Bail was fixed by this Court on the attempted murder charges in the amount of $100,000, no 10 percent provision to apply. Defendant Nelson, unable to post the required bail, remains in Somerset County Jail.
While in the Somerset County Jail, defendant Nelson is alleged to have sent three letters to the victim, Ms. Booker. The letters were postmarked October 11, 1991, October 15, 1991, and October 21, 1991. These letters provide the basis for complaints for contempt and harassment that were filed against Mr.
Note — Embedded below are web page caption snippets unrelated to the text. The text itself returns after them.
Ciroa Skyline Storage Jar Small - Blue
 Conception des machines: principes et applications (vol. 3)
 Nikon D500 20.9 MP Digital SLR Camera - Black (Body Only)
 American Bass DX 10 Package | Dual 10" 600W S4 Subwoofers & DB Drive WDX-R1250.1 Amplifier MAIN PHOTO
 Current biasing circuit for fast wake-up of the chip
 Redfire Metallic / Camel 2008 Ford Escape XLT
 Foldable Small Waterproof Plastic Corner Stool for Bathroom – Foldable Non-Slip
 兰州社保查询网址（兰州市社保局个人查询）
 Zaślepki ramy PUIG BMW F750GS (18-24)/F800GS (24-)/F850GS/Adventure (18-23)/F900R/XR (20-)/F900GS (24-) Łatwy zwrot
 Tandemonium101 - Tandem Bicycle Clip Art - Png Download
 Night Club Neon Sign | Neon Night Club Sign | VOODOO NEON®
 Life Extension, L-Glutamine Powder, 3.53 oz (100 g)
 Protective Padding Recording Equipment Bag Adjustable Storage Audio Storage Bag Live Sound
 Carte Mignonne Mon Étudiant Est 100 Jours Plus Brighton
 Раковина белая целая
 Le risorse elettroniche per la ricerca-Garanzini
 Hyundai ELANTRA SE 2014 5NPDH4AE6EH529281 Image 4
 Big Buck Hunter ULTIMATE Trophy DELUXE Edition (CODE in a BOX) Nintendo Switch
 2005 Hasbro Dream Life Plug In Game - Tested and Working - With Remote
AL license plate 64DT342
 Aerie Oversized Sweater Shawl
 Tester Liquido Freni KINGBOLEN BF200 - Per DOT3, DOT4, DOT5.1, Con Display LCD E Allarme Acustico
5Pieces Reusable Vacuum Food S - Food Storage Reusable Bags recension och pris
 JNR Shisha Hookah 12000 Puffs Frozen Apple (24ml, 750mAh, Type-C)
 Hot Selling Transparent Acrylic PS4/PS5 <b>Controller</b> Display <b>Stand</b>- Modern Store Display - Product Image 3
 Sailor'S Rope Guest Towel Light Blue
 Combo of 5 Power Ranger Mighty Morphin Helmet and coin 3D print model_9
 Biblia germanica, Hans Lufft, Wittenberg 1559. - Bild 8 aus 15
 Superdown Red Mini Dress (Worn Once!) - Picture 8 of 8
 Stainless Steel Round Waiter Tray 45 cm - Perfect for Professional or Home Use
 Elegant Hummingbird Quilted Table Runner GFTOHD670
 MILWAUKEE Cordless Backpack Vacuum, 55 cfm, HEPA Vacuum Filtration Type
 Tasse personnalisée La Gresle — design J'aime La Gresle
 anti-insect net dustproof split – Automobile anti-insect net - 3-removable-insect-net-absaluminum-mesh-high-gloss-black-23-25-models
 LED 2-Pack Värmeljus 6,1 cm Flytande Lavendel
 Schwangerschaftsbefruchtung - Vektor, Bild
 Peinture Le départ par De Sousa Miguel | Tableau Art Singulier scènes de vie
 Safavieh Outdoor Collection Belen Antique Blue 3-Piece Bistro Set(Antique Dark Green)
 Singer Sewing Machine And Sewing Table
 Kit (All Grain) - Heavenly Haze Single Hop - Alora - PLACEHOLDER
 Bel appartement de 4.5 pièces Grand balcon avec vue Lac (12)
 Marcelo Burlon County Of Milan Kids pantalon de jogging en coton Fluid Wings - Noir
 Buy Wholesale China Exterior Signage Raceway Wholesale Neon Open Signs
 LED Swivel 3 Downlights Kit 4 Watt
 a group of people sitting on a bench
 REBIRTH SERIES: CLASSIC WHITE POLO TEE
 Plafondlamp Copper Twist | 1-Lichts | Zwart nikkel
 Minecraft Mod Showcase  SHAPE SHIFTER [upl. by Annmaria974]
Nelson and bear Docket Numbers FO-18-0090-92-C, FO-18-0091-92-C and FO-18-0095-92-C. The first letter is two pages and contains, among other statements, the following:
"I'm in some bad situations right now . . . I'm a little upset about things I done . . . You know just as well as I know that I'm not gonna see the street for a long time . . . My life is all messed up right now. When I was in the courtroom I felt real bad about things . . . With the drugs and alcohol none of this would have never happened."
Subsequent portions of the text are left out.